Population by ethnicity
- • Hungarians: 79.6%
- • Gypsies: 8.0%
- • Croats: 2.4%
- • Germans: 1.5%
- • Serbs: 0.1%
- • Romanians: 0.1%
- • Others: 0.8%

Population by religion
- • Roman Catholic: 50.8%
- • Calvinists: 5.1%
- • Lutherans: 0.4%
- • Other: 0.8%
- • Non-religious: 12.2%
- • Unknown: 30.6%
- Time zone: UTC+1 (CET)
- • Summer (DST): UTC+2 (CEST)
- Postal code: 7570
- Area code: (+36) 82
- Patron Saint: Christ the King
- NUTS 3 code: HU232
- MP: László Szászfalvi (KDNP)
- Website: Barcs Online

= Barcs =

Barcs (/hu/; Barč; Bartsch or Draustadt) is a border town in Somogy County, Hungary, and the seat of Barcs District. The Drava River marks the southern boundary of the settlement.

==Geography==
Located at the Croatian border and the River Drava, the town is surrounded by the Danube-Drava National Park. It is the seat of Barcs District.

==History==
Barcs was first mentioned between 1389 and 1417 in official documents as part of the lordship of Segesd. Its castle was first mentioned in 1460 which belonged to János and István Bakonyai at that time. In 1467 the Marzcali family owned the settlement. The Castle of Barcs was in the hands of Gergely Horváth de Gáj in 1472. István Bakonyai died in 1480 and did not leave anheir, therefore his possession went to Péter, Provost of Transylvania and royal chancellor and Orbán Nagylucsei treasurer, furthermore the brothers of Péter, Balázs and János Nagylucsei as a royal gift. Orbán Nagylucsei (Orbán Dóczy) Bishop of Eger owned it in 1489. Members of the Báthori family got Barcs in 1495 from the king. According to the tax register of 1550 its owner was András Báthori.

After the Turkish occupation the Hungarian Kingdom lost the continuous control of this region. The Ottoman Porte's tax register list 46 houses there between 1565 and 1566. It was also in the hands of Ferenc Nádasdy between 1598 and 1599. The tithe register of Pannonhalma Abbey mentioned the settlement under the suzerainty of the Castle of Szent György in 1660. In the winter of 1664 the army of Miklós Zrínyi approached the castle. The Turkish soldiers fearing the defeat left the castle. Zrínyi burnt it down.

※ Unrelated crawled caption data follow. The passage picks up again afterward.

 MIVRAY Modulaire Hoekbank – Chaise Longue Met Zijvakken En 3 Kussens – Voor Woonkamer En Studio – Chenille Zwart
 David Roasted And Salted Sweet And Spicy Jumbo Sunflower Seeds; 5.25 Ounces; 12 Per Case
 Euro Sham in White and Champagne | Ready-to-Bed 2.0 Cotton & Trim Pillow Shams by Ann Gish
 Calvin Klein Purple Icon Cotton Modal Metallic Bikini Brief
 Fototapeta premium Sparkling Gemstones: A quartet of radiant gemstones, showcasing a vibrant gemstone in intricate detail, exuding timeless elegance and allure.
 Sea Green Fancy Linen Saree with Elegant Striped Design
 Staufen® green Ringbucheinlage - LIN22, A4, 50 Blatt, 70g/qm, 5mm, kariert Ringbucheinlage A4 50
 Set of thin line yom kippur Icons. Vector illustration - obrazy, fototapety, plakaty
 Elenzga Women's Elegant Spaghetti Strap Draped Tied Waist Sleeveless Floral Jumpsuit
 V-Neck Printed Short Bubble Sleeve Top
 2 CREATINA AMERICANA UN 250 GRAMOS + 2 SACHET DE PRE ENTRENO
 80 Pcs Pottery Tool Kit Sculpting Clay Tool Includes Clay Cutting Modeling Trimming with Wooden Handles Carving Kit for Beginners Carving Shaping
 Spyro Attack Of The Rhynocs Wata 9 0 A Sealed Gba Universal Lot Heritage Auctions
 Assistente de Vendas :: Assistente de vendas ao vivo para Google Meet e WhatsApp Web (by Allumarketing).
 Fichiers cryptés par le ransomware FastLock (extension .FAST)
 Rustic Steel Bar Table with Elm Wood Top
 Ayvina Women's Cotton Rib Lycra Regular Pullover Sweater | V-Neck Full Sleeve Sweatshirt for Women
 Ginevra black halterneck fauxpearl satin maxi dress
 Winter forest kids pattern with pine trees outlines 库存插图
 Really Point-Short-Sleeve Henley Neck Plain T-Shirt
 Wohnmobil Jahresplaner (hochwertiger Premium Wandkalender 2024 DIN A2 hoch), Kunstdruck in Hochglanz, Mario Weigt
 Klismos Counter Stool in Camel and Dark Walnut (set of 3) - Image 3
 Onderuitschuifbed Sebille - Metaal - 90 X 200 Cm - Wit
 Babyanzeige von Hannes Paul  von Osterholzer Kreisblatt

In 1677 György Széchényi Archdiocese of Kalocsa got Barcs from Leopold I. Between 1715 and 1733 the Széchenyi family became its owner and in 1835 it was already under the suzerainty of Erdőcsokonya. In 1720 the village was half Hungarian and half Croatian. There were also some Bosniak and Šokci families. The following Croatian people lived in Barcs in 1720: Ivan Persics, Petrus Trifanovics, Stefan Odelics, Mathia Perics, Marcin Bosrineć, Georg Jalenovecz, Step. Ostarsics, Mato Pavo, Vitus Kockan, Jakobus Simoncsics, Joh. Gaglas, Mich. Jarcsok, Mathia Sokol. After 1728 the Kozarics, Kalinovic, Marics, Kukorić new Croatian families settled there. During the 1730s 21 Croatian and 14 Hungarian families lived in the village. Until 1961 other Hungarian and Croatian families arrived in Barcs. The Croats were namely Tardinacz, a Hencsar, Simotics and Ottarsics. Also several families moved away. At the beginning of the 20th century Imre Széchenyi had lands there.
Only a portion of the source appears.